Emotions. To get your audience to care about your idea, they need to feel something. Feelings motivate people to act. So, it follows that if we want our audience to care about our idea, we must tap into things they care about. However, we can fall into the trap of seeking to appeal to the same emotion as every other school. Aim to differentiate your ideas or to find a different emotional association.
John Caples started a new school of advertising in 1925 with the advertisement headline: “They Laughed When I Sat Down At the Piano But When I Started to Play!”[2] Self-interest is a powerful emotional connection. What is in your idea for your audience? Be clear. Be brief. But use it sparingly.
Stories. Stories are the tool to inspire action. More specifically, the right stories lead people to act. Studies have shown that when we hear a story, we simulate it in our minds.[3] There are no passive audiences when hearing a story.

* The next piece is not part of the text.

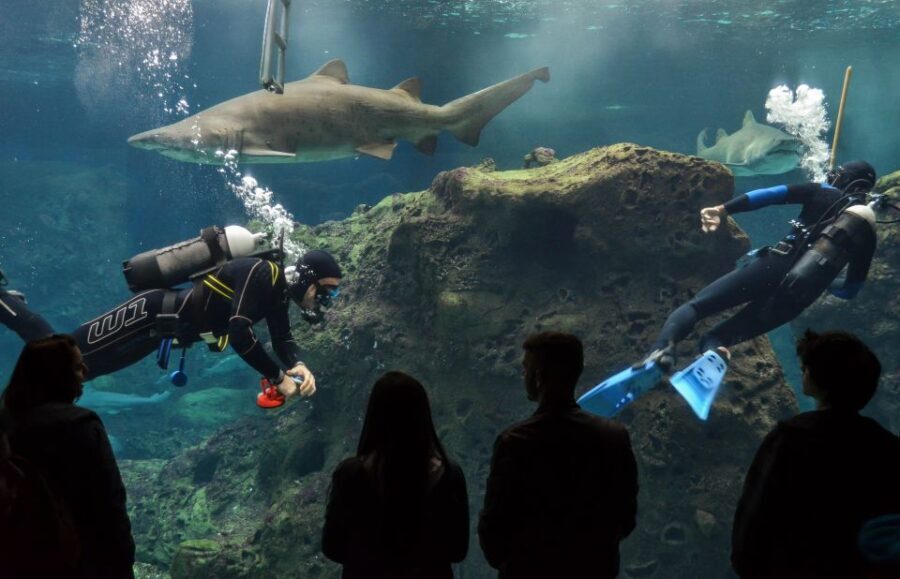 Crete: Heraklion Center, Local Market and Creta Aquarium - Authentic Experiences and Practical Insights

Emergency workers and special forces tell each other stories of how events unfolded from their perspective as a way to debrief. You routinely see cricketers and golfers play their shots in their mind. They are using the power of a story to simulate the actions they will take next time they face a similar situation. Stories act like flight simulators for the brain.
Stories do double duty as simulators as well as the inspiration attributes we are more familiar with. Your school is a story-rich environment and to harness these stories, you simply need to note them down as they happen around you each day.
The ultimate test of your skill as a communicator of powerful ideas is not whether your stories are memorable and portable; it is whether you achieve your goals.
insight applied
- Your big ideas will be more powerful if they are memorable and retellable.
- Your idea should be simple, unexpected, concrete, credible, emotional and a story.
- If your idea is worth telling others, it is worth the time to make it sticky.
[1] Caples, J and Hahn, F 1997, Tested Advertising Methods, 5th edn, Pearson Education, Upper Saddle River, United States.
[2] Gerrig, R 2019, Experiencing Narrative Worlds. Routledge, United States.
[3] Heath, C and Heath, D 2009, Made to Stick, Arrow Books, London.